Original comment by Roman Bogorodskiy (Bitbucket: novel, GitHub: novel):

The same for FreeBSD ports as well.

Also, I'm wondering if re-uploads could be handled this by URL scheme something like this:

Original (0th) upload: /packages/{python version}/{name[0]}/{name}/{filename}
All the following (1..N) uploads: /packages/{python version}/{name[0]}/{name}/{upload_number}/{filename}

Anyway, IMHO, tarball rerolling should not be encouraged because it creates an additional burden for users and packages as they need to somehow make sure that no harmful changes were added while re-rolling, so package maintainers should probably try to avoid that practice and bump version instead.

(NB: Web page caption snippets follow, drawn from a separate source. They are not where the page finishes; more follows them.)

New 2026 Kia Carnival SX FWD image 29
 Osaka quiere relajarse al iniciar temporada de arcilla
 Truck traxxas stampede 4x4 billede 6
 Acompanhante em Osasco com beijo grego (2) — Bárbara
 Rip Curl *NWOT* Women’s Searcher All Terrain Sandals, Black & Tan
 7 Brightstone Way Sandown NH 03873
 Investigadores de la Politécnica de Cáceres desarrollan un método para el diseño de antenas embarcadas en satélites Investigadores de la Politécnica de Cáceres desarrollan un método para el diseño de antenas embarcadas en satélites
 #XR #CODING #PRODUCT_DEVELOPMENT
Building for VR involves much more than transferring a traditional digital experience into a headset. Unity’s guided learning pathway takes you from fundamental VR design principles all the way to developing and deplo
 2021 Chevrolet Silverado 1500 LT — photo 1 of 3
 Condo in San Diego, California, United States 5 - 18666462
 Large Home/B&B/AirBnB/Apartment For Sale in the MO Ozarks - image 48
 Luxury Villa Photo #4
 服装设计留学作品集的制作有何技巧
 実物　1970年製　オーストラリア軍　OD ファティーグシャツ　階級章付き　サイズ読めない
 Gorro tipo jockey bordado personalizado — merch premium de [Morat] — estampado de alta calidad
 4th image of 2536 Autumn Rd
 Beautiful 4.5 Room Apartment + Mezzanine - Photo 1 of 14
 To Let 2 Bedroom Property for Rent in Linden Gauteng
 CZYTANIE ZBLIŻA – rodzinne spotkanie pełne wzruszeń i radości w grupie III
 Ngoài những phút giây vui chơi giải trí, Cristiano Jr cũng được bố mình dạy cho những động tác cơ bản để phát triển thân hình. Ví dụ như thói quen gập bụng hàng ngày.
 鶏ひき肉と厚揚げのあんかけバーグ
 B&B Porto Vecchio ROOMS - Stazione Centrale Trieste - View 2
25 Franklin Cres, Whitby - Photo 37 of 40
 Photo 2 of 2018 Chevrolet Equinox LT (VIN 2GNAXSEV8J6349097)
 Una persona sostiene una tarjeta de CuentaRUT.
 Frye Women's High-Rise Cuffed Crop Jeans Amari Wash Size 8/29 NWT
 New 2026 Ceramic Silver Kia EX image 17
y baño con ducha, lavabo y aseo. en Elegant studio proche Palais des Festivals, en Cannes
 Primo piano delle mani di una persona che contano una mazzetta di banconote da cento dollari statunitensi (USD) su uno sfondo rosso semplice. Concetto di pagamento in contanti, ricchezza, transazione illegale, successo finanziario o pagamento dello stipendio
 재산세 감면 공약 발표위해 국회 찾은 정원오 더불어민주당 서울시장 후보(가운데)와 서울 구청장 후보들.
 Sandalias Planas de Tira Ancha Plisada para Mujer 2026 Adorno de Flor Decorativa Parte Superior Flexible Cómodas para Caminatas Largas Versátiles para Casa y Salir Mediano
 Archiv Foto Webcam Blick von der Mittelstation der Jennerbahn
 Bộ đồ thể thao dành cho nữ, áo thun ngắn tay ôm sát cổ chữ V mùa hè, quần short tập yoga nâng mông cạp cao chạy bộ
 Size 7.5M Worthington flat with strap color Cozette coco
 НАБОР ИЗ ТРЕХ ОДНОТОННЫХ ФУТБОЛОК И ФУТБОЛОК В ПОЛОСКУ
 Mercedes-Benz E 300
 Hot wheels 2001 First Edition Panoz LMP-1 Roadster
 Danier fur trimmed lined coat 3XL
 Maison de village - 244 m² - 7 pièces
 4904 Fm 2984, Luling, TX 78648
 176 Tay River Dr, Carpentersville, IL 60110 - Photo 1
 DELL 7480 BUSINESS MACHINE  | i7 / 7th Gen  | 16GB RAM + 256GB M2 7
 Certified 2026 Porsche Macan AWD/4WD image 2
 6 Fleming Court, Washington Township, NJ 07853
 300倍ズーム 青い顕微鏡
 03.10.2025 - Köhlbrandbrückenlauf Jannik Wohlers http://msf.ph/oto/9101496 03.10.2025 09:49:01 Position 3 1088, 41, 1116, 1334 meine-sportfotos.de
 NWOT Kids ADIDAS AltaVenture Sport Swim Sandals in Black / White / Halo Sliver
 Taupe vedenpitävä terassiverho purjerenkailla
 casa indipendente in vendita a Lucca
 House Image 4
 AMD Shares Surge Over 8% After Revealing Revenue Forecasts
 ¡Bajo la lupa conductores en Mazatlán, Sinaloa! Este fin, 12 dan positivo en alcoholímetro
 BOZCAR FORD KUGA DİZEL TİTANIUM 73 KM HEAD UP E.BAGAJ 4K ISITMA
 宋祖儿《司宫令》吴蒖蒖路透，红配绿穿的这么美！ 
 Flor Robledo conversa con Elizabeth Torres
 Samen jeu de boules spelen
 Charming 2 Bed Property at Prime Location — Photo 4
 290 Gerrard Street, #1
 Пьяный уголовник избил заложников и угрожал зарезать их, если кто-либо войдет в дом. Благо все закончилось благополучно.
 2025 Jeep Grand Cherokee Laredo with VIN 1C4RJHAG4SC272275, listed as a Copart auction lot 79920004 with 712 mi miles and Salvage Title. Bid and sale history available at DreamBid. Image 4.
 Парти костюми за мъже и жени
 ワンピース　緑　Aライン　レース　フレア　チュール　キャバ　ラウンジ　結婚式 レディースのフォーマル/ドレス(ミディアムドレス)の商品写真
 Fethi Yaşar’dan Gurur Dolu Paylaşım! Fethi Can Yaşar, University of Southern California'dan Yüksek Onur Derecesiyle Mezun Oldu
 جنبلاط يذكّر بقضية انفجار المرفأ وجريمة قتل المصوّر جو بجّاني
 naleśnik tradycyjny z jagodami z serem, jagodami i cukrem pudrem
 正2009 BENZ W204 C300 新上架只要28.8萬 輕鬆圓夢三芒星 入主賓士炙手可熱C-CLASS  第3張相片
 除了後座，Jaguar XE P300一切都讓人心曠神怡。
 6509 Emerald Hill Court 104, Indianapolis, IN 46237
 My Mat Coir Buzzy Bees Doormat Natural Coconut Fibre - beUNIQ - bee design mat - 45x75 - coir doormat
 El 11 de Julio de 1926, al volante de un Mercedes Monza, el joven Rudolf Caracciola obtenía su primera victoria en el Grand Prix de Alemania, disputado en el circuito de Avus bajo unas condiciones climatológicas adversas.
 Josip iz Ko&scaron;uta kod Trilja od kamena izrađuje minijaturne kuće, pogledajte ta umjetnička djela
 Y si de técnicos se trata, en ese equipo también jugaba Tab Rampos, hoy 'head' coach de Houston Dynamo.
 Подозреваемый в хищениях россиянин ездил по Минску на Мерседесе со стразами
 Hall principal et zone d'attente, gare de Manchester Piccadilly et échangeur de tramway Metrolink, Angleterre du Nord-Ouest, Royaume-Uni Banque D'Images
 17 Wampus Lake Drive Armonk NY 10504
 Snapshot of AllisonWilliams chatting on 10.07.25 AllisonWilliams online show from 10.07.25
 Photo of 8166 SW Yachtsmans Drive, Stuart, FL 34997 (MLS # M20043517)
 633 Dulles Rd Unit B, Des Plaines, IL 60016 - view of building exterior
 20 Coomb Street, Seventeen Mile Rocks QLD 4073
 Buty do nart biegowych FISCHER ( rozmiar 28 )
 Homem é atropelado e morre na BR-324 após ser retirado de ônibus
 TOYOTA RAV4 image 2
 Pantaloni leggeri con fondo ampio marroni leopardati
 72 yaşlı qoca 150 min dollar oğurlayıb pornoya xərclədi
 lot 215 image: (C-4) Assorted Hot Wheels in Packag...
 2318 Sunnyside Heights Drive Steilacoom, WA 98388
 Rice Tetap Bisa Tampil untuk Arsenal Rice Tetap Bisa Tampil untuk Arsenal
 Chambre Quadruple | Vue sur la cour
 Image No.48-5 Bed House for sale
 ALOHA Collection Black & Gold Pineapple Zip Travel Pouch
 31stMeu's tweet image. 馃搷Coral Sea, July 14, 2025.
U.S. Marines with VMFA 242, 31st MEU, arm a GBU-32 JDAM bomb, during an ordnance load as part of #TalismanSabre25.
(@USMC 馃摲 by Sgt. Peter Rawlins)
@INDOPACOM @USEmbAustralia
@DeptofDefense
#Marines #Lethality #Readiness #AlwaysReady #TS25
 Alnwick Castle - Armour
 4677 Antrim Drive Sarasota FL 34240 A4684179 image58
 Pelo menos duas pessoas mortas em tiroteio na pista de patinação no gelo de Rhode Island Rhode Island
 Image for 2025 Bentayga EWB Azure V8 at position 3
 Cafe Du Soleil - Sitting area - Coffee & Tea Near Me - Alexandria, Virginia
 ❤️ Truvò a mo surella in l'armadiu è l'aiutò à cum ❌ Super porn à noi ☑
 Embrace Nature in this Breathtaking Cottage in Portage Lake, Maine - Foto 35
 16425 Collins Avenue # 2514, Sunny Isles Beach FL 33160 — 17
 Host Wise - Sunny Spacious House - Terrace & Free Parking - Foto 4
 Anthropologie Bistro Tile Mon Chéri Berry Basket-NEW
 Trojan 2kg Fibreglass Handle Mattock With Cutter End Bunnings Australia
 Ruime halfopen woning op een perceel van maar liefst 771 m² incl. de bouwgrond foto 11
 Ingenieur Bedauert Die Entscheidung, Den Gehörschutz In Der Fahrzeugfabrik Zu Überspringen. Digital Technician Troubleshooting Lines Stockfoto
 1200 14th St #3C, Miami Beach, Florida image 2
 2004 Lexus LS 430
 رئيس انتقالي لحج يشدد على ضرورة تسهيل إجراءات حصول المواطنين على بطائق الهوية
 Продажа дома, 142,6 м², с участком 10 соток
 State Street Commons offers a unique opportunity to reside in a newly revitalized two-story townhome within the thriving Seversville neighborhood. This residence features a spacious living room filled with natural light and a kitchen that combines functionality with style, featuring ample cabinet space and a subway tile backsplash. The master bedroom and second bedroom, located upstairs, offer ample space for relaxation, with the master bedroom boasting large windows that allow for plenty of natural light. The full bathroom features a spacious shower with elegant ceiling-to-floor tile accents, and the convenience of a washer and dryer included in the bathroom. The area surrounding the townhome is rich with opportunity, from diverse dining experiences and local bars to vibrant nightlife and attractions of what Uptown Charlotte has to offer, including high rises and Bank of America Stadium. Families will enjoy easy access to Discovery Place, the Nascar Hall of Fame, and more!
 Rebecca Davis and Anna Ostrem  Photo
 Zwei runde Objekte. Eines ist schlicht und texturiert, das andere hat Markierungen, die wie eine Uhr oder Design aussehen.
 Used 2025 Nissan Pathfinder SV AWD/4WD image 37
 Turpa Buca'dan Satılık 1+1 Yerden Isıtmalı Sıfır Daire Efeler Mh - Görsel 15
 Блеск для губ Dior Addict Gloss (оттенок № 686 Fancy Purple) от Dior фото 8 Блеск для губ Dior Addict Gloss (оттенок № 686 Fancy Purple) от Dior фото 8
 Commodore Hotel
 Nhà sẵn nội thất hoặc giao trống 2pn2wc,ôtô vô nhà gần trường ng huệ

ewdurbin commented 8 years ago

Original comment by Edd Barrett (Bitbucket: vext01, GitHub: vext01):

Same issue for OpenBSD ports.

ewdurbin commented 8 years ago

Original comment by Nico Kadel-Garcia (Bitbucket: nkadel, GitHub: nkadel):

There is an XKCD cartoon about this sort of workflow problem: https://xkcd.com/1172/ .But it really seems like this solution is making the man stand funny to make the suit look nice, described at (http://www.realnothings.com/famous%20jokes/suit.htm

I'm glad it's not breaking pip based installations, The problem for chef developers is a similar one to RPM developers, and I happen to be both for various open source toolkits. If we want or need to simply grab an updated, or obsolete, version of the tarball, we need some sort of simple command line way to grab that tarball, and 'wget' has been a much more scriptable and reliable way to get it, until now. This unexpected change is also breaking thousands of "Source" URLs in many RPM based operating systems. They're not normally used at build time, but revising them in the development system or in the .spec file for stable python module build tools is a lot of work. That includes over 200 SRPMs that I pursonally maintain, and roughly 1500 in the current Fedora development release.

It's a bigger problem than you may have realized.

ewdurbin commented 8 years ago

Original comment by Donald Stufft (Bitbucket: dstufft, GitHub: dstufft):

From my previous message:

I personally see affected users every couple of weeks without attempting to look for them (often times they're reaching out to me personally).

ewdurbin commented 8 years ago

Original comment by Chris Warrick (Bitbucket: Kwpolska, GitHub: Kwpolska):

How often did you actually experience the problems described (edit: that lead to the change)? Or is it a purely theoretical problem?

Because the breakage is real, and it should be fixed quickly.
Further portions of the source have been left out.